- [Data for review]
┌──
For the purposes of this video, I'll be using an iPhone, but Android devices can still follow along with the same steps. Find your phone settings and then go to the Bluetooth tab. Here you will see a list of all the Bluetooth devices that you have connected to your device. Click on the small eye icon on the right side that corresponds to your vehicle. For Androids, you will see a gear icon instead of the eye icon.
└──
┌──
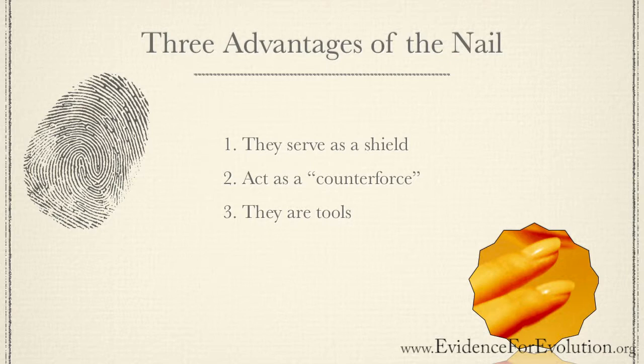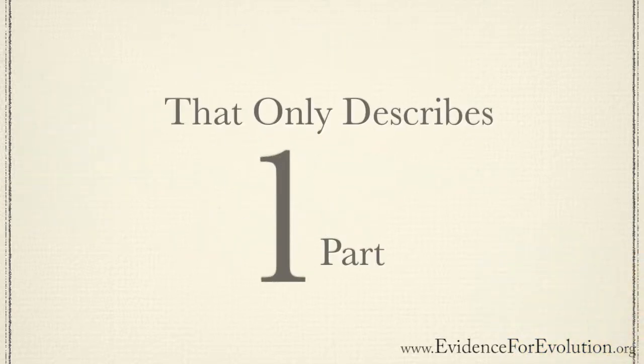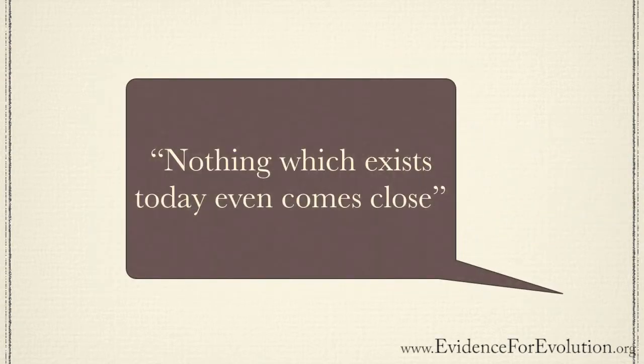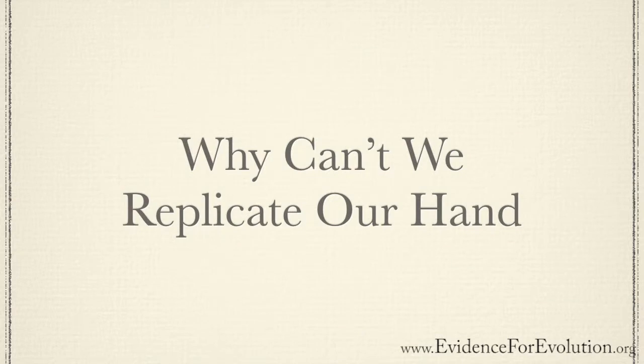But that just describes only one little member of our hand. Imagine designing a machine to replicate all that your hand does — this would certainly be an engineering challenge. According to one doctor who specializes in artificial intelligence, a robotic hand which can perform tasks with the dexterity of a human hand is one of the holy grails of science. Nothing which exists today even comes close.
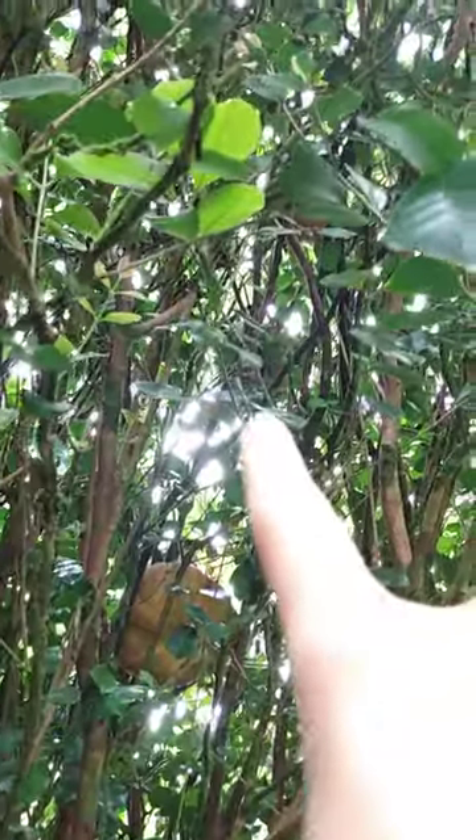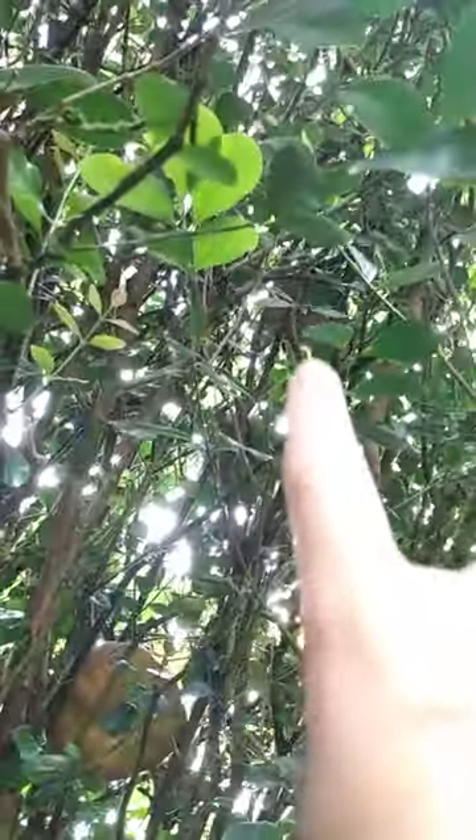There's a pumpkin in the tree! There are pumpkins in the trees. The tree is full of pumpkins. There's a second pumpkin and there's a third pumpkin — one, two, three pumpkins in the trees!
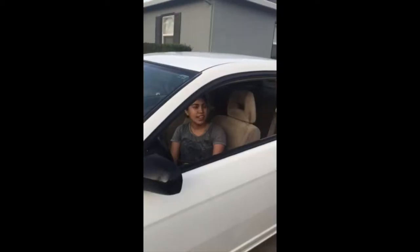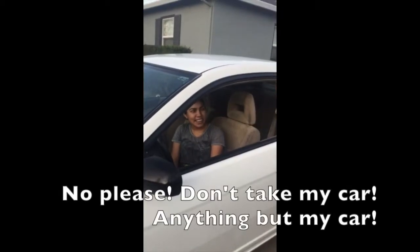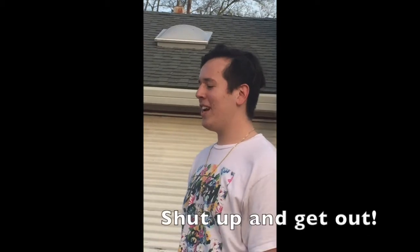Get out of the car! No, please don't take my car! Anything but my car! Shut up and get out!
└──
┌──
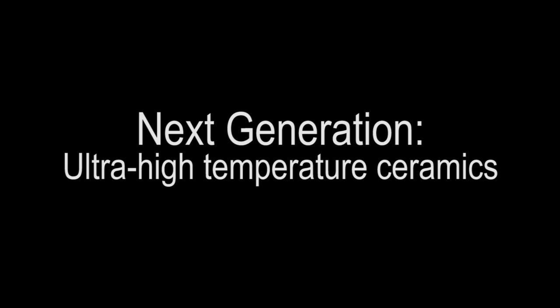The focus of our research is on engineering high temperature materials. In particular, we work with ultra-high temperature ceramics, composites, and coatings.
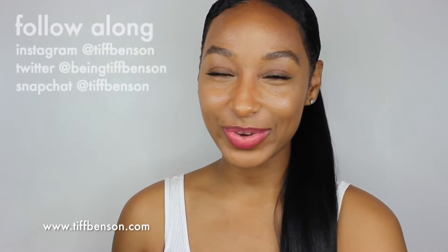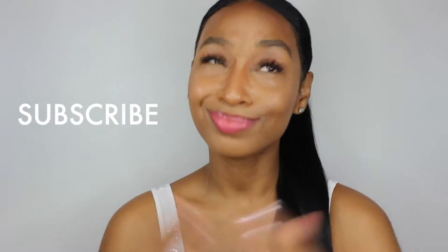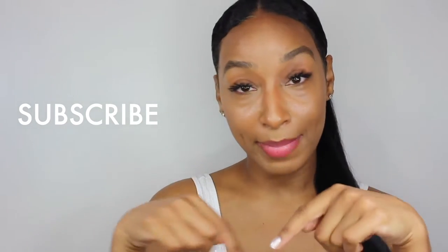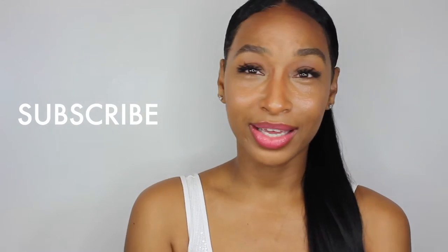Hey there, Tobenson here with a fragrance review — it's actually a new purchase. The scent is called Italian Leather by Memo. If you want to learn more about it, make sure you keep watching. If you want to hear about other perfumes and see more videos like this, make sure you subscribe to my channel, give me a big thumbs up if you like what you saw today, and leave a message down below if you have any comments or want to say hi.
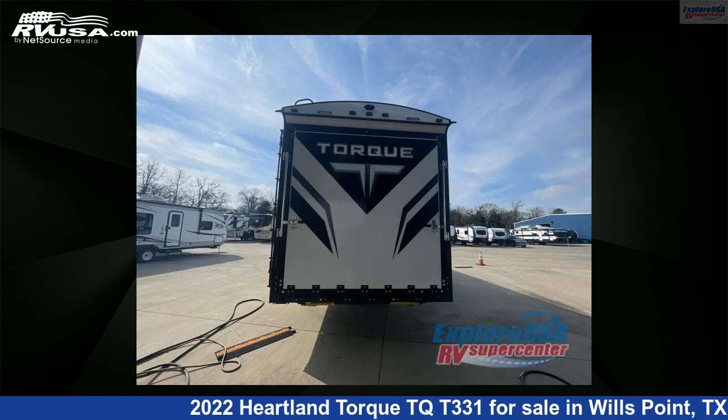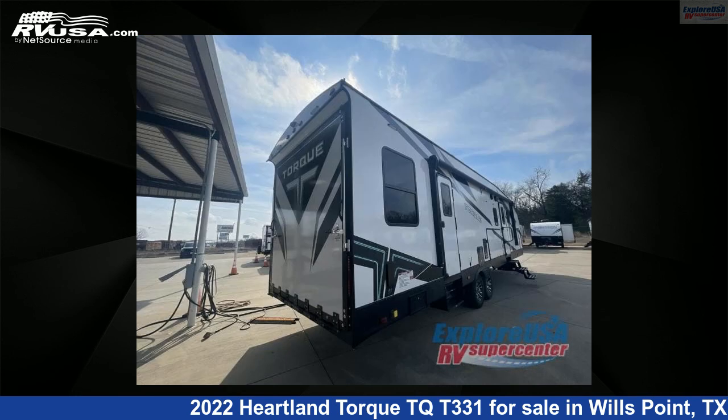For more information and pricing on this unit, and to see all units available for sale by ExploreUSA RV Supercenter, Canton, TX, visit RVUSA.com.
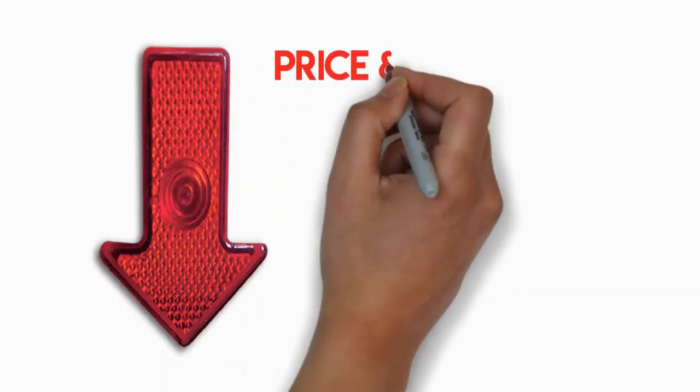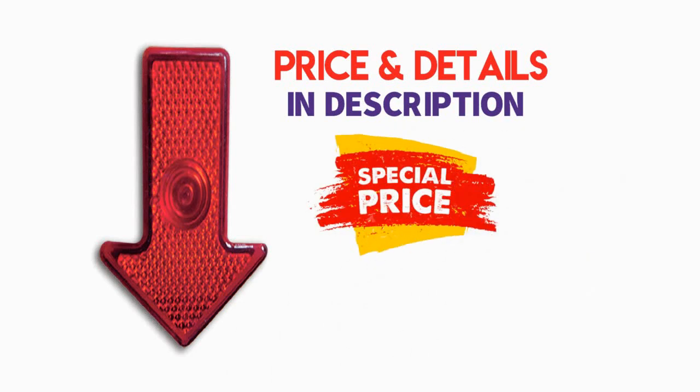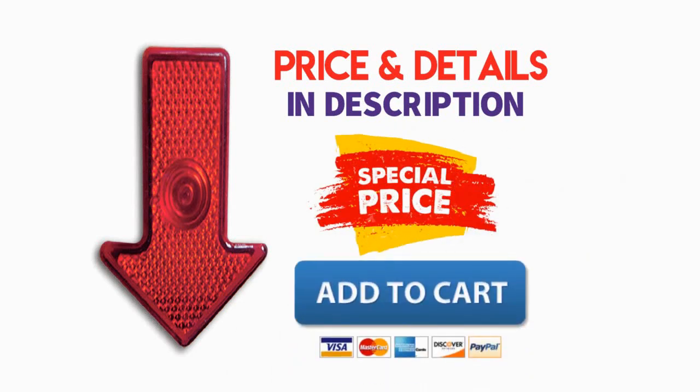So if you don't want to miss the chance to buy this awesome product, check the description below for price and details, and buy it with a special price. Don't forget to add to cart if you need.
└──
- [Your task] The reply should hold the entries above from the line with "Hey there, Tobenson" to the line with "So if you don't", duplicated exactly, pictures excluded.

- [Response area]
Hey there, Tobenson here with a fragrance review — it's actually a new purchase. The scent is called Italian Leather by Memo. If you want to learn more about it, make sure you keep watching. If you want to hear about other perfumes and see more videos like this, make sure you subscribe to my channel, give me a big thumbs up if you like what you saw today, and leave a message down below if you have any comments or want to say hi.
For more information and pricing on this unit, and to see all units available for sale by ExploreUSA RV Supercenter, Canton, TX, visit RVUSA.com.
So if you don't want to miss the chance to buy this awesome product, check the description below for price and details, and buy it with a special price. Don't forget to add to cart if you need.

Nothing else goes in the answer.